En el capítulo XVII, presenta un maravilloso y alegre conjunto de reglas para el manejo de los libros.

que [los libros] se alegren de su pureza mientras los tengamos en nuestras manos, y que descansen seguros cuando sean devueltos a sus depósitos.

No deja de ser sorprendente que siete siglos después sus pensamientos sobre el valor del libro sigan siendo tan atinados. De todas las maravillas que contiene el Philobiblion, me quedo con la síntesis de lo que significan como maestros:

Son maestros que nos instruyen sin vara ni férula, sin palabras de enojo… No regañan si te equivocas, no se ríen de ti si eres ignorante.

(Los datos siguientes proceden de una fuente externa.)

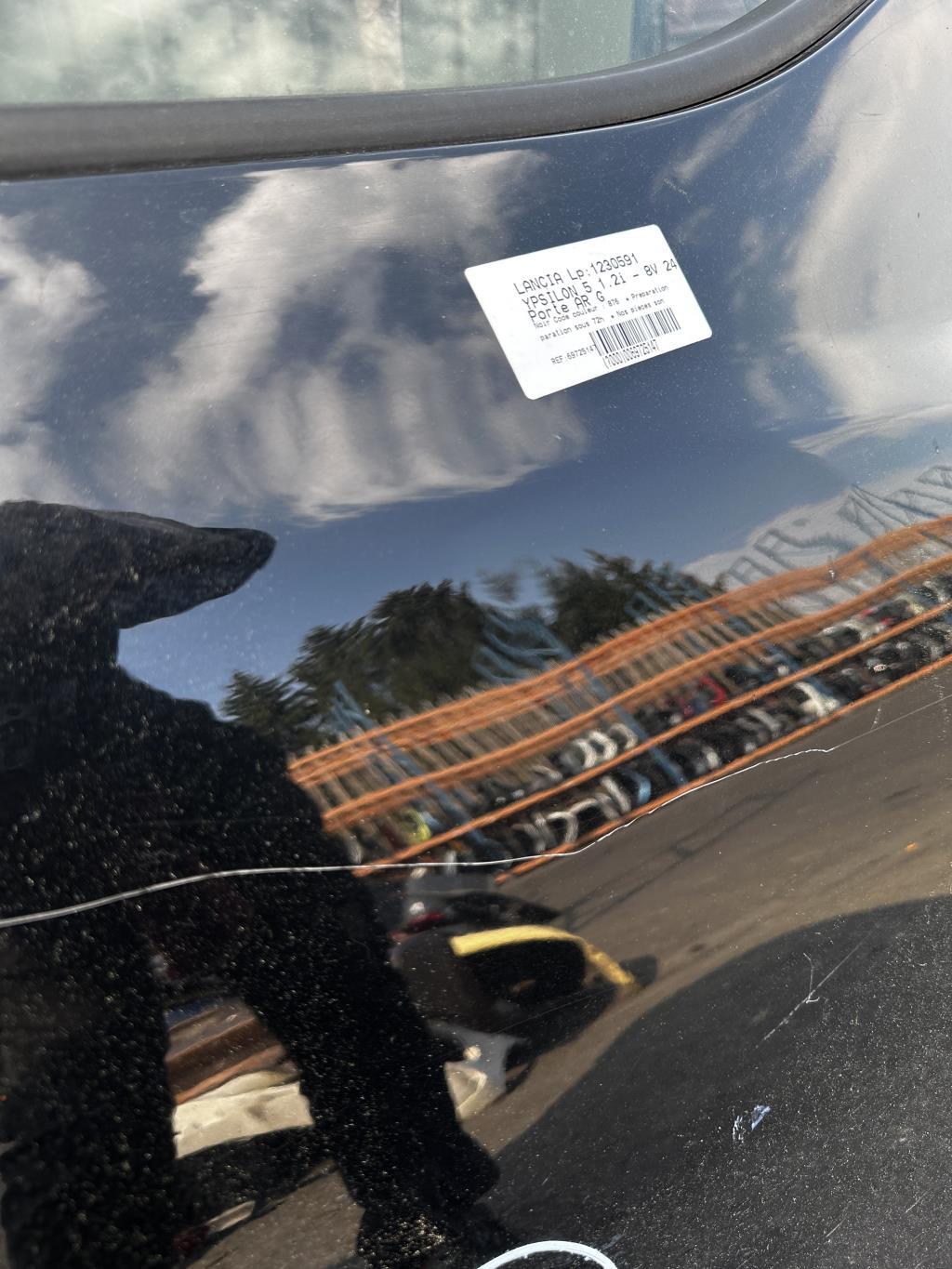 Portiera posteriore sinistra LANCIA YPSILON 5 Gasolina - 1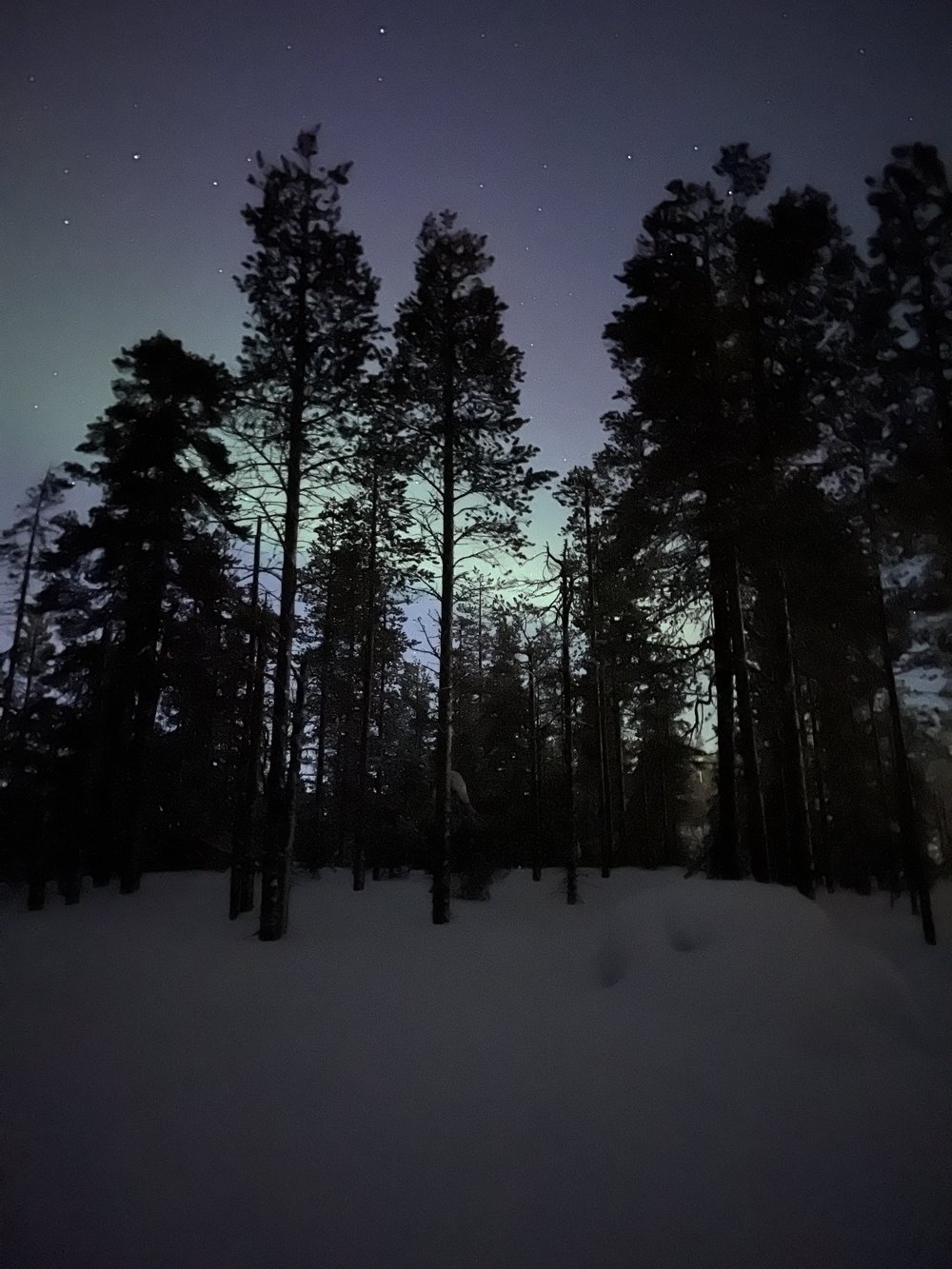  The view of the Northern Lights that same night, taken from the forest path near the hotel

He buscado una versión original de este libro, pero no la he podido encontrar (como digo siempre: si alguien la encuentra, le pido que me avise. Ante la imposibilidad de adquirir estos volúmenes, a veces la red nos depara el placer de poder conseguirlos digitalizados). Pero sí he encontrado versiones en inglés y en francés. Para acceder a una lectura en línea (en inglés), pueden ir aquí (Wikisource); o aquí (The Gutemberg Project).

El error nuestro de cada día

Los manuscritos medievales a menudo contienen huellas dejadas involuntariamente por el escriba. Hijos de la producción en masa, los errores en los libros, como los errores tipográficos, generalmente se detectan antes de llegar a los estantes; pero ello no siempre sucedía en tiempos antiguos.

Uno que escapó a la vista de la impresora: una página de la llamada 'Biblia malvada', impresa en 1631, con un giro interesante en los Diez Mandamientos

En el primer caso, el escriba medieval no fue necesariamente tan afortunado, el error pasó sin ser notado y, como una ironía perfecta del destino, el error no era menor. Se trata, nada menos, que de uno de los diez mandamientos, más precisamente del séptimo: «No cometerás adulterio», donde el escriba omitió el «no», quedando el mandamiento en un interesante «Cometerás adulterio» (En la fotografía, en el punto 14 se lee «Thou thalt commit adultery», cuando debería decir «Thou thalt NOT commit adultery».

Copiar a mano era un proceso arduo y los errores podrían cometerse con demasiada facilidad. Hoy me gustaría explorar dos versiones del error accidental más común cometido por los escribas medievales, que es el eyeskip, el cual ocurre cuando el ojo del escriba literalmente salta de una palabra a la siguiente mientras copia, de lo que resulta en la omisión o repetición de palabras o frases.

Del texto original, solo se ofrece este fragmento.